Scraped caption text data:
*** Block opens ***

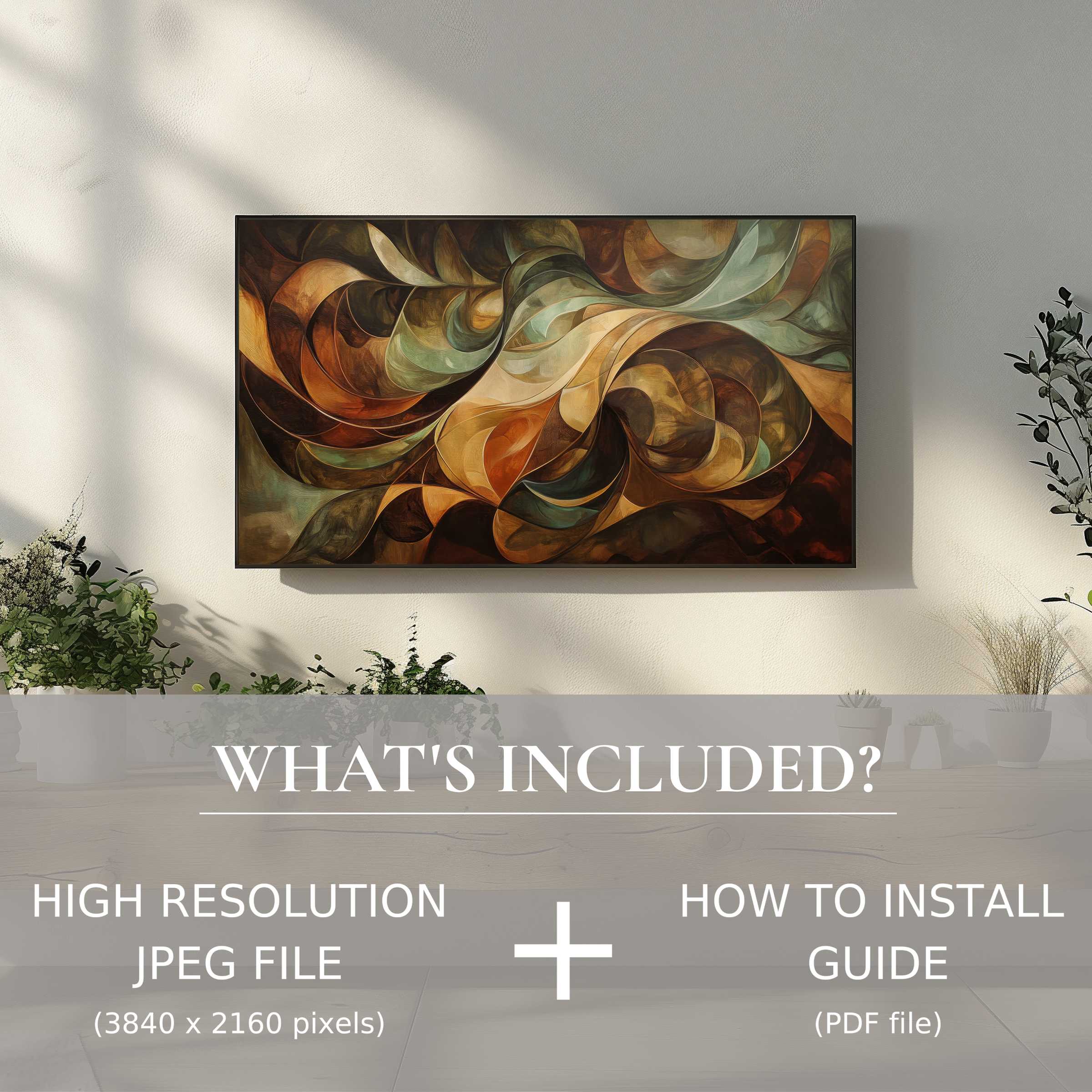 Elegant abstract digital TV art download enhances any modern living space with easy digital use and stunning high-res detail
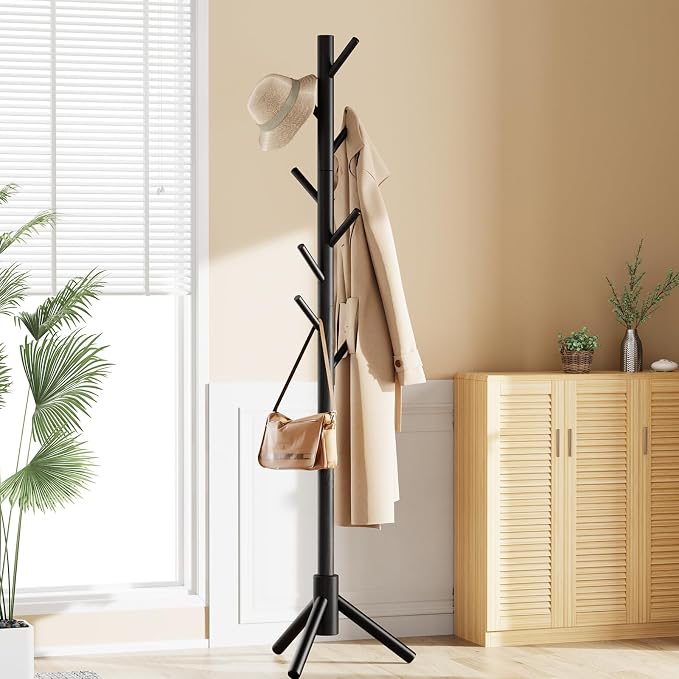 Pipishell Solid Wooden Coat Rack Freestanding, Hall Tree with 8 Hooks, 3 Height Options for Coats, Hats, Handbags, and Scarves, Tool-Free Assembly, Space Saving Design for Entryway, Office, Bedroom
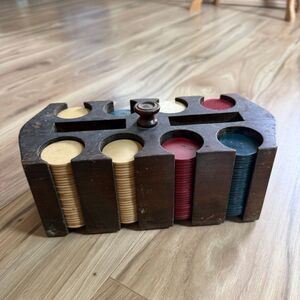 Lot of Vintage Clay Plain Poker Chips with Wood Carousel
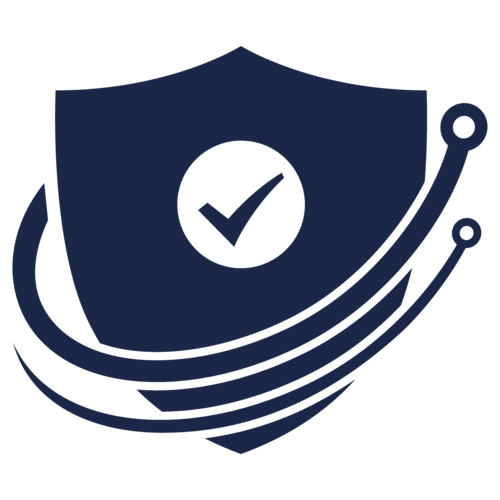 A dark blue icon of a shield with a checkmark in the center, surrounded by curved lines with circular endpoints, symbolizing security and protection. 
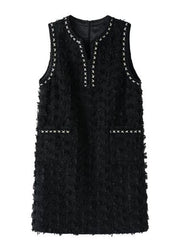 Bohemian Black V Neck Patchwork Tassel Mid Dress Fall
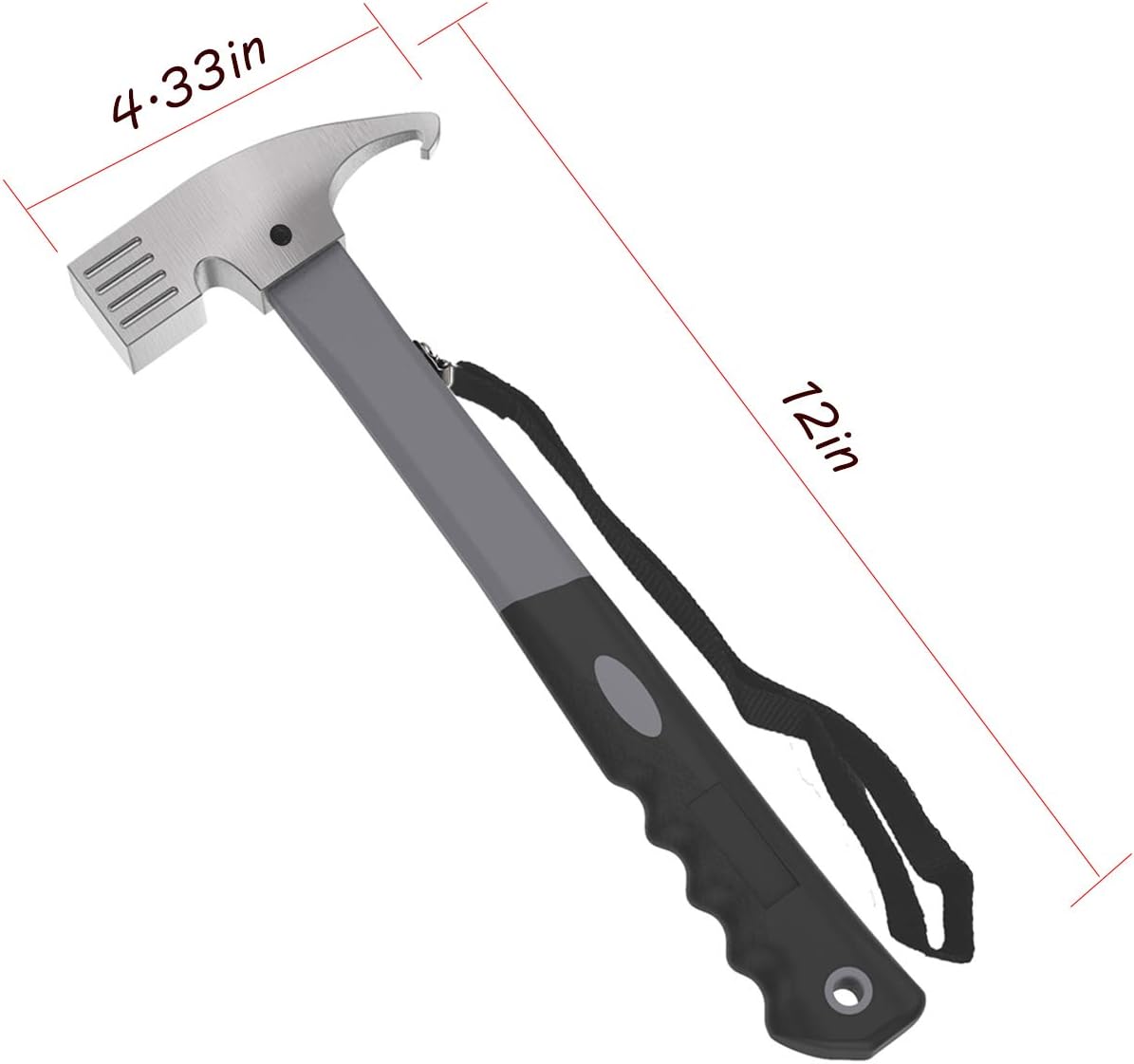 30cm Camping Hammer with Carrying Cord Tent Hammer Fish Scaler & Rubber Grip Stainless Steel Camping Tool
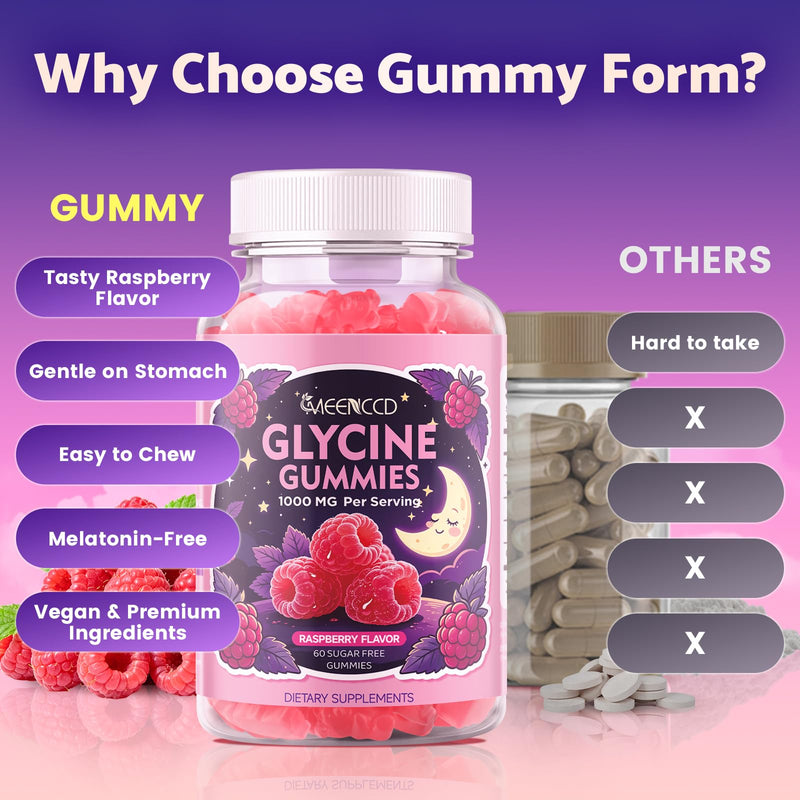2 Pack Glycine Gummies, Glycine Supplement for Relaxation and Nerve Support | Sugar-Free, Vegan, Non-GMO, Raspberry Flavor, 120 Count 60 Count (Pack of 2)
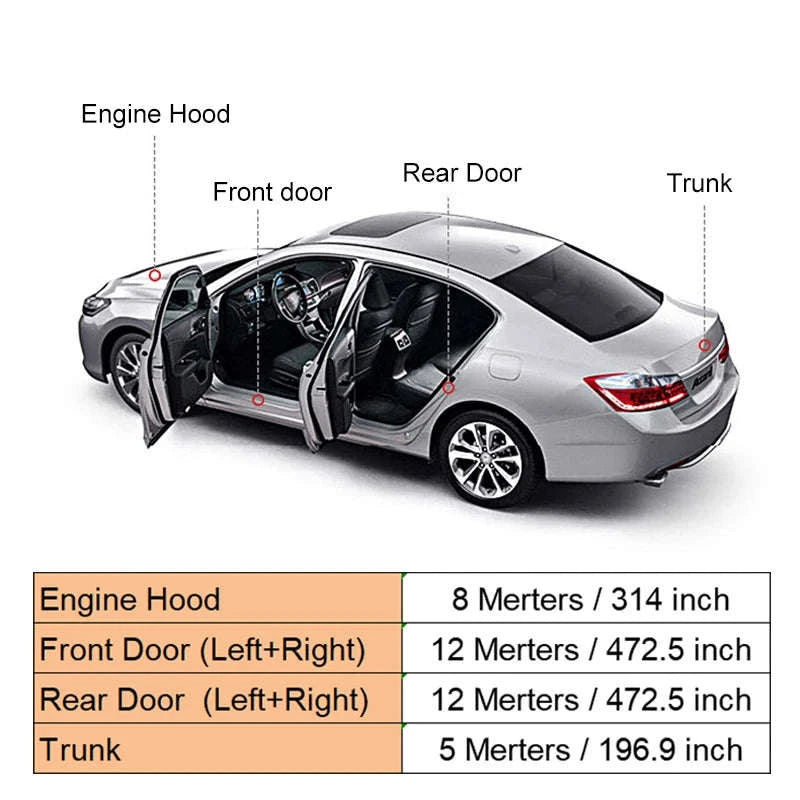 Car Door Seal Strip Double-Layer Weatherstripping-Large 25m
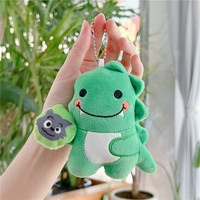 Jouet en peluche dinosaure mignon avec haut-parleur - Remplissage en coton PP, super doux, petit ornement suspendu, poupée, breloque pour sac, cadeau EN71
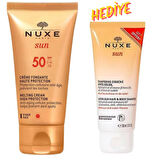 Nuxe Sun Güneş Sonrası Şampuan 100 ml & Nuxe Sun Fondante Visage Creme Spf 50 Güneş Koruyucu Yüz Kremi 50 ml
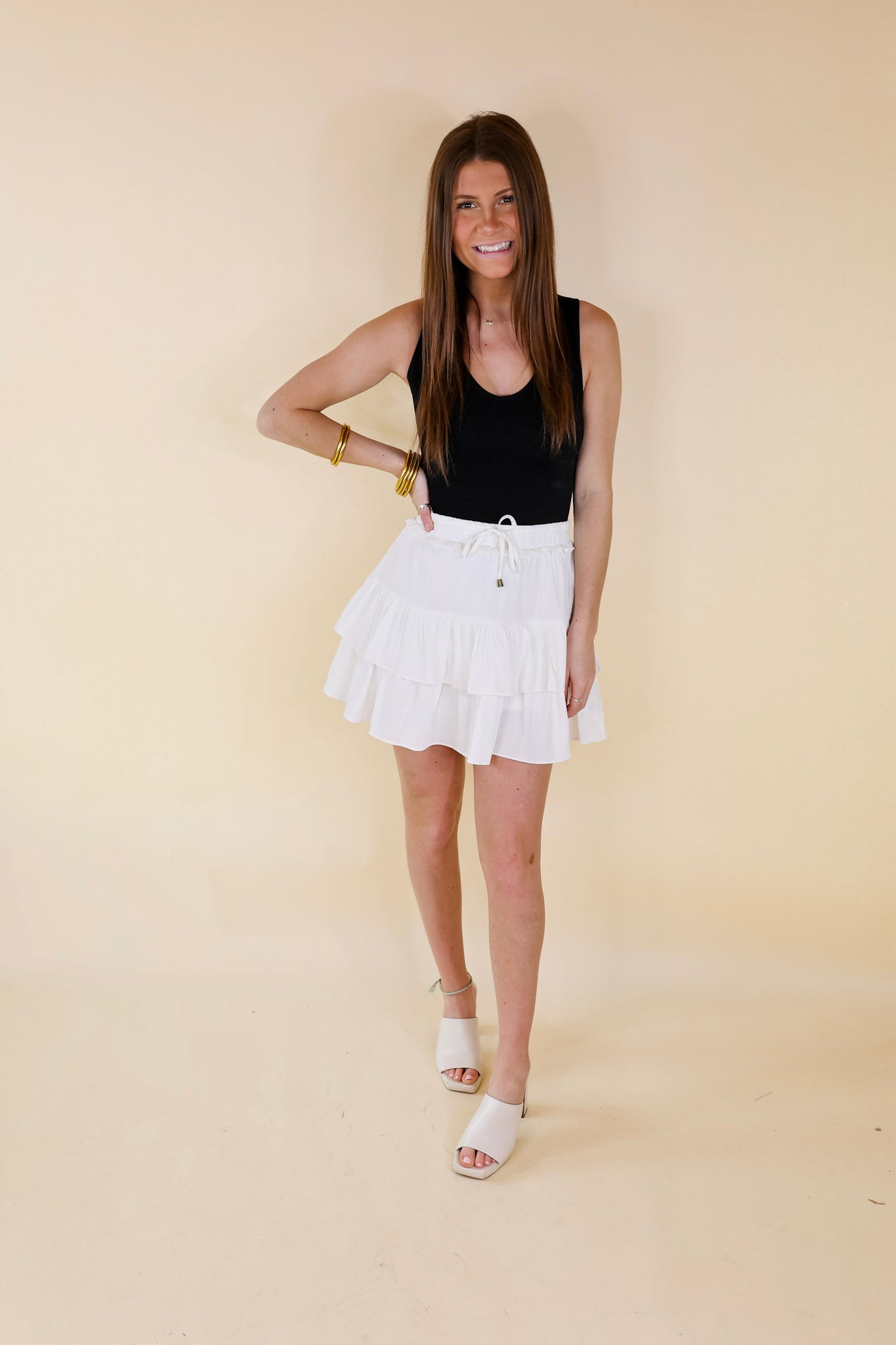 Vibrant Vibes Tiered Skort with Drawstring Waist in Off White - Giddy Up Glamour Boutique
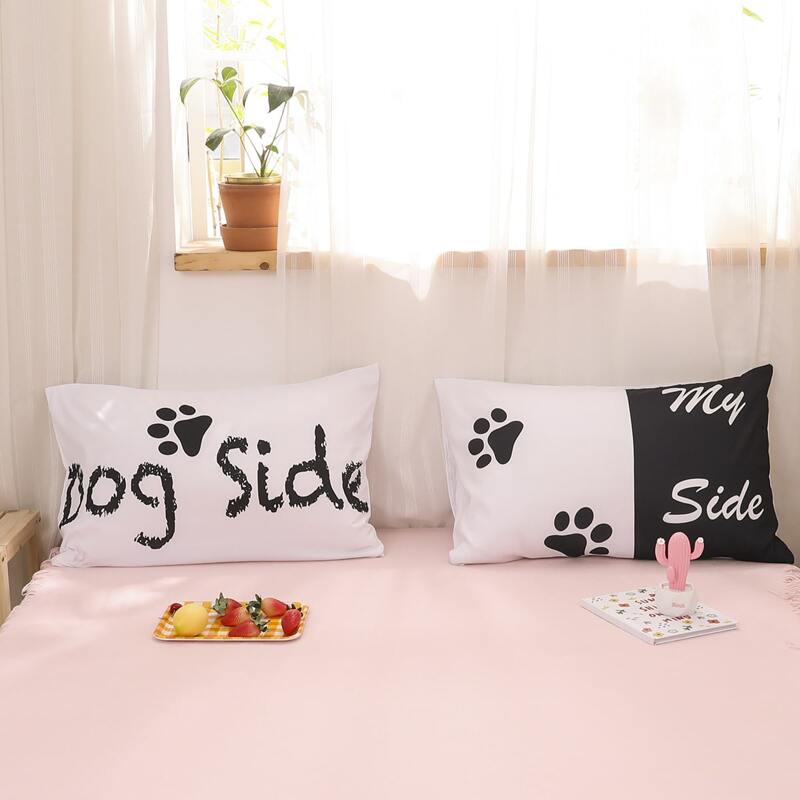 

1pair Slogan Graphic Pillow Case, Black and white
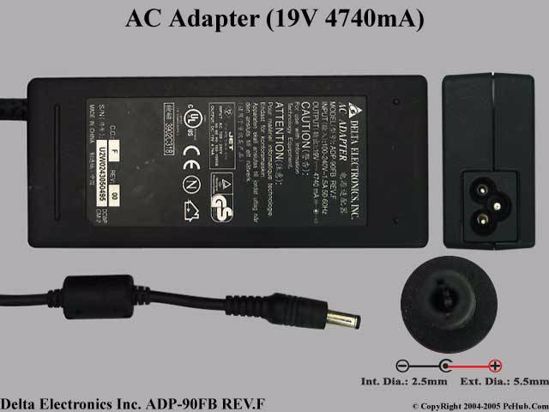 Delta Electronics ADP-90FB REV.F AC Adapter- Laptop 19V 4.74A, 5.5/2.5mm, 3-Prong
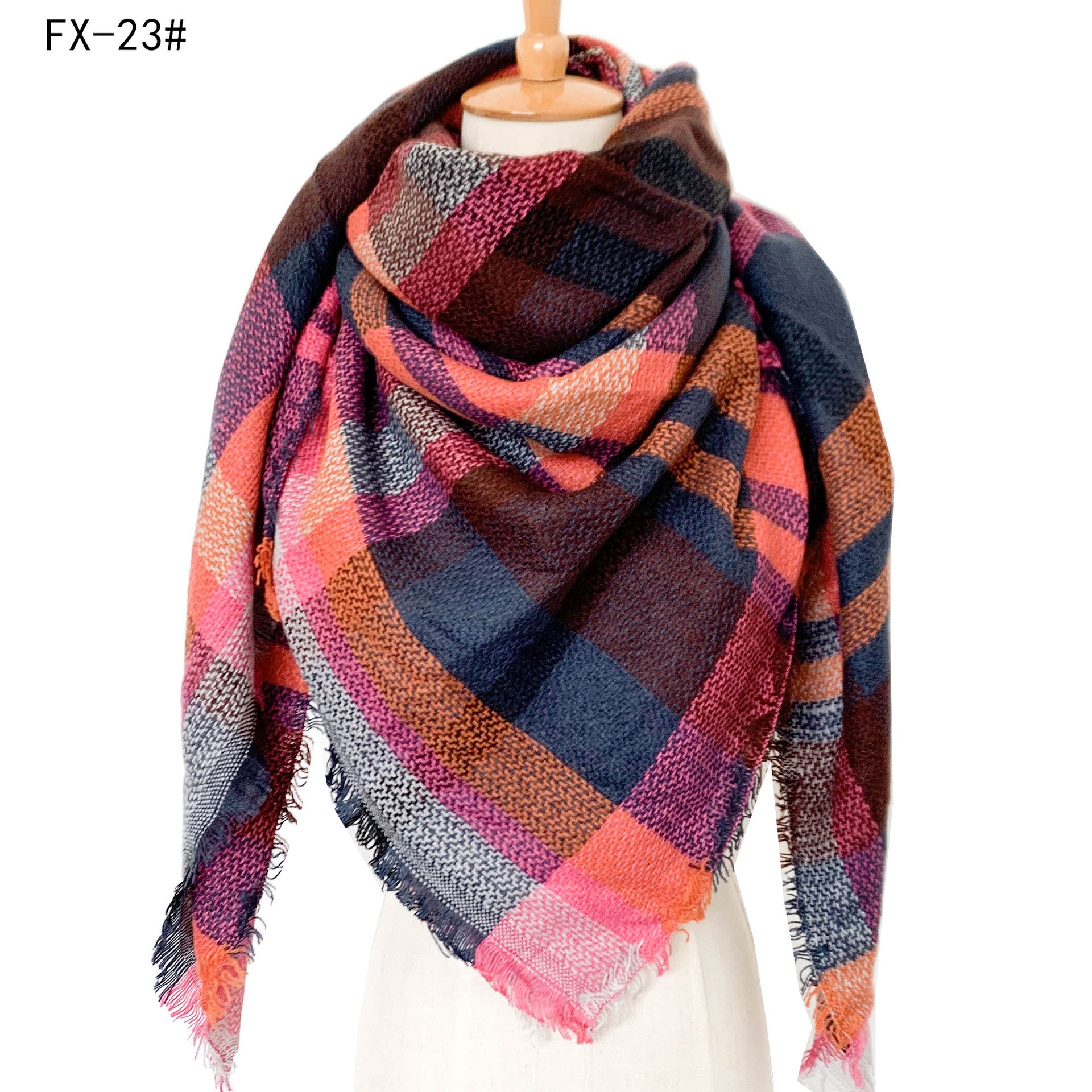 Double-Sided Colorful Plaid Scarf with Cashmere-like Feel - myETYN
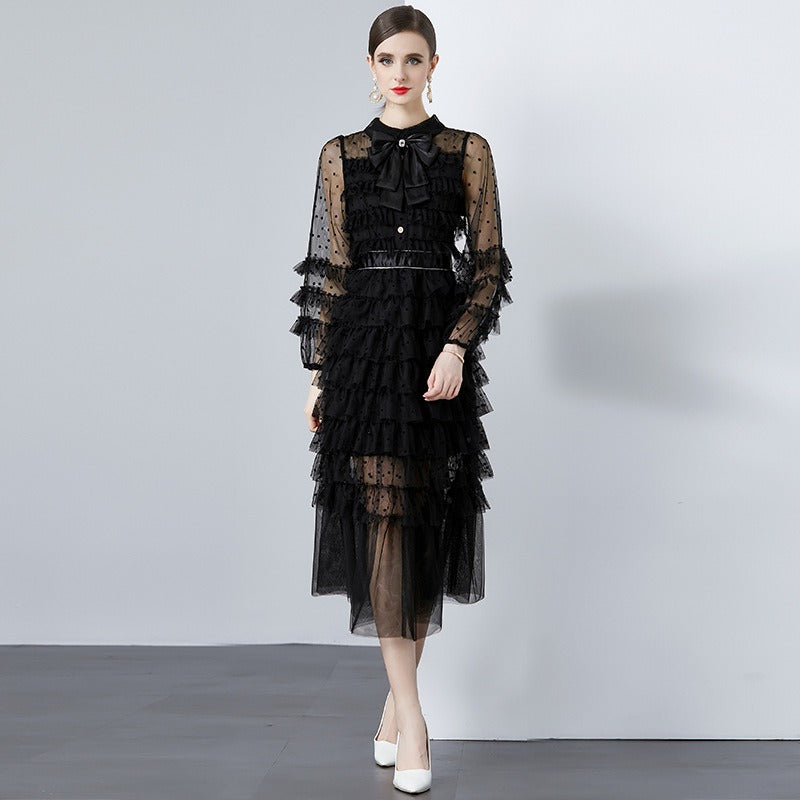 Uzun Kollu Ruffle Rhinestone File Maksi Elbise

*** Block closes ***

## Description of the task:
Exactly the lines above, from the one containing "Bohemian Black V" down to the one containing "30cm Camping Hammer", are to be repeated, including both ends. Pictures are not part of the copy.

## Task result:
 Bohemian Black V Neck Patchwork Tassel Mid Dress Fall
 30cm Camping Hammer with Carrying Cord Tent Hammer Fish Scaler & Rubber Grip Stainless Steel Camping Tool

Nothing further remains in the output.